- Supplied entries -
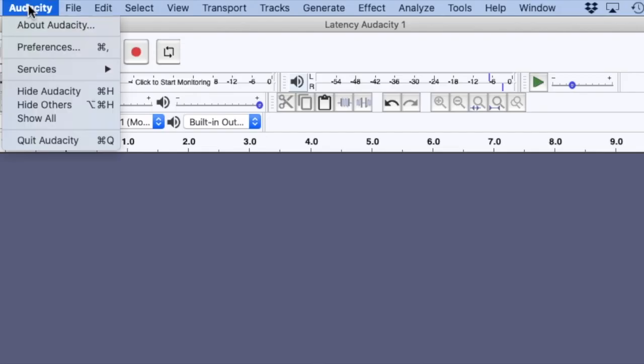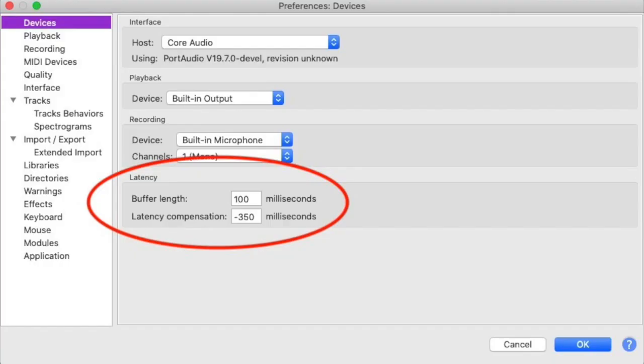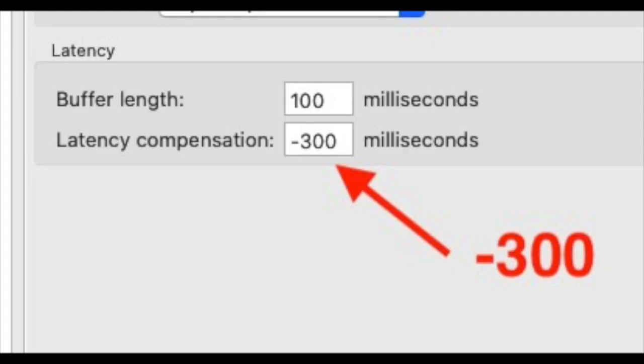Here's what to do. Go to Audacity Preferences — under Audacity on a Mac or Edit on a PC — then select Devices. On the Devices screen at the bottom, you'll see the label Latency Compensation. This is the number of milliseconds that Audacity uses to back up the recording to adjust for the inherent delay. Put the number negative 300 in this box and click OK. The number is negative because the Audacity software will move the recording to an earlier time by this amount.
==
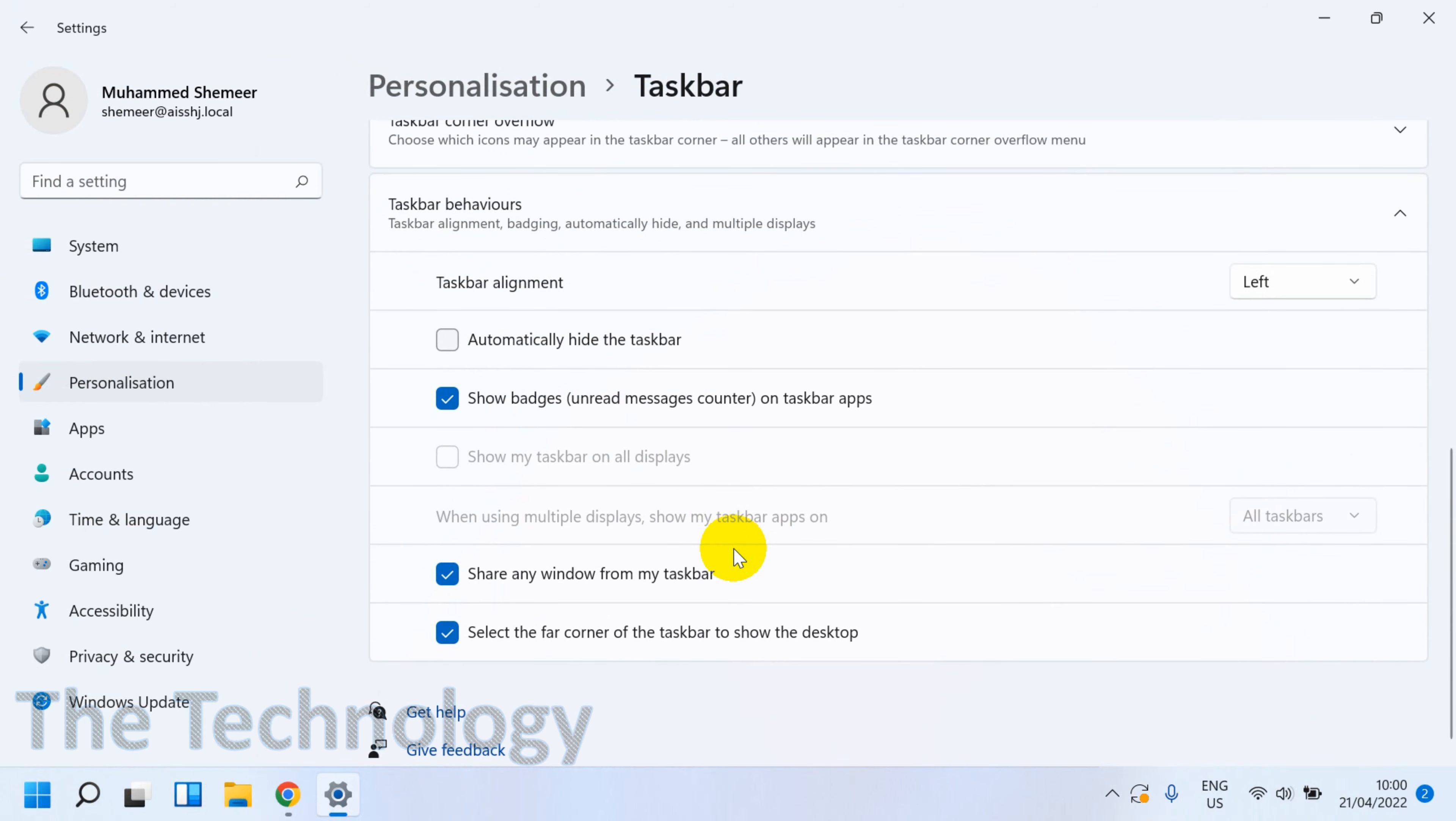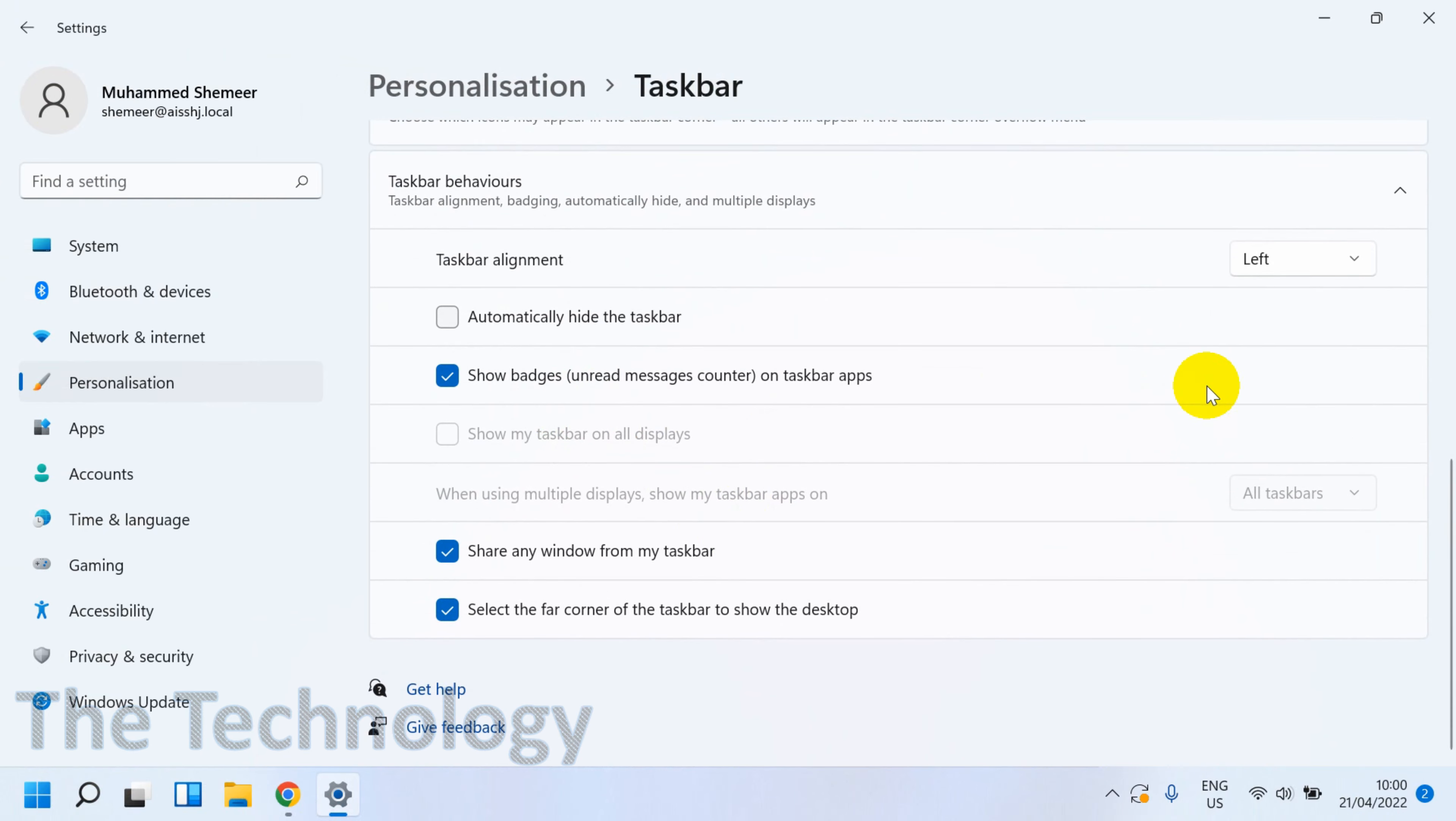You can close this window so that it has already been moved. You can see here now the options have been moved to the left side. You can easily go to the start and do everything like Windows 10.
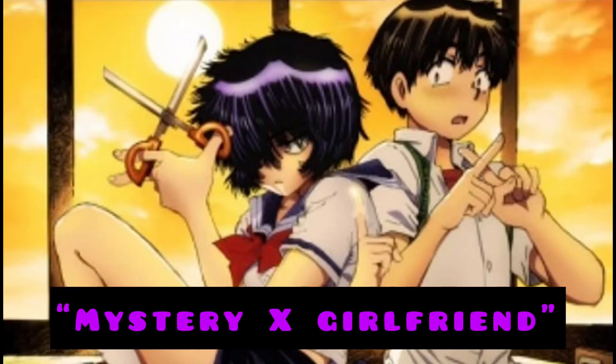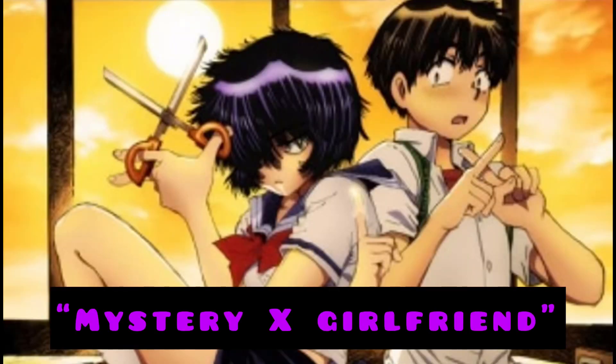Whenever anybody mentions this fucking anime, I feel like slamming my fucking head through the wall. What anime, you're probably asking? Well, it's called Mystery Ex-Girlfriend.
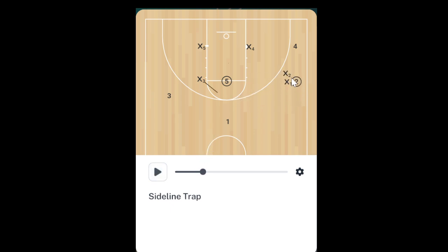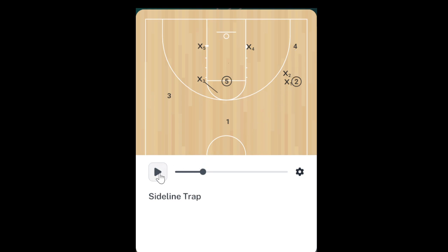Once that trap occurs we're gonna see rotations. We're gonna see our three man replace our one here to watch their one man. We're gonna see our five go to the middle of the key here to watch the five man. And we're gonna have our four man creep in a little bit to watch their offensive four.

- Work request -
Would you output the lines above from the line holding "You can close" up to and including the line holding "Whenever anybody mentions", exactly and only those, with no pictures?

- Exercise result -
You can close this window so that it has already been moved. You can see here now the options have been moved to the left side. You can easily go to the start and do everything like Windows 10.
Whenever anybody mentions this fucking anime, I feel like slamming my fucking head through the wall. What anime, you're probably asking? Well, it's called Mystery Ex-Girlfriend.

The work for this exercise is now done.